Converting the aforementioned chemical engineering principles/approaches/applications embodied in unit operations to environmental engineering in an optimum manner was not as difficult as the authors originally anticipated. This was, no doubt, due to the clear overlap between the two disciplines.

As noted above, this book is concerned with unit operations, fluid flow, heat transfer, and mass transfer. Unit operations, by definition, are physical processes although there are some that include chemical and biological reactions. The unit operations approach allows both the student and practicing engineer to compartmentalize the various operations that constitute a process. As such, it has enabled the engineer of yesterday and today (and tomorrow) to perform more efficiently. This approach has also allowed the environmental engineer to achieve considerable success in the environmental management field.
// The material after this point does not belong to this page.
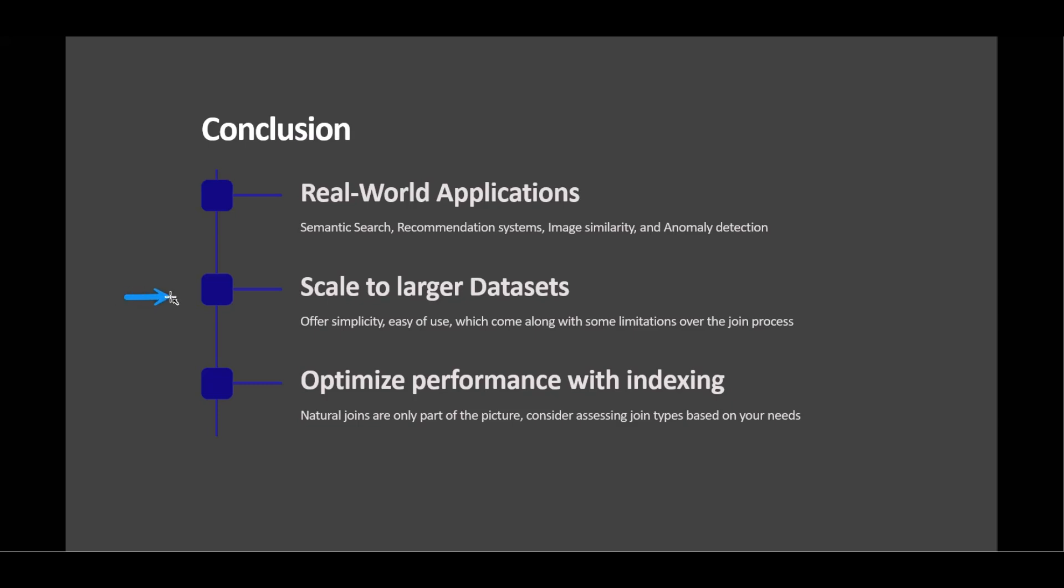We encourage you to further explore, experiment with models, metrics, scale for performance, and integrate into existing applications. Embrace also vector similarity's potential, enriching search quality and user interaction. Thank you for watching the video. See you on the next one.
The authors' approach in presenting unit operations material to environmental engineering students is to primarily key on introductory engineering principles so that the reader could then later satisfactorily predict the performance of the various unit operation equipment. In effect, the reader or instructor is provided the opportunity to expand chapter presentations. Although a chapter on Process and Plant Design is included in the introductory part (Part I) of the book, details on equipment design are treated superficially and the subject of plant design is rarely broached.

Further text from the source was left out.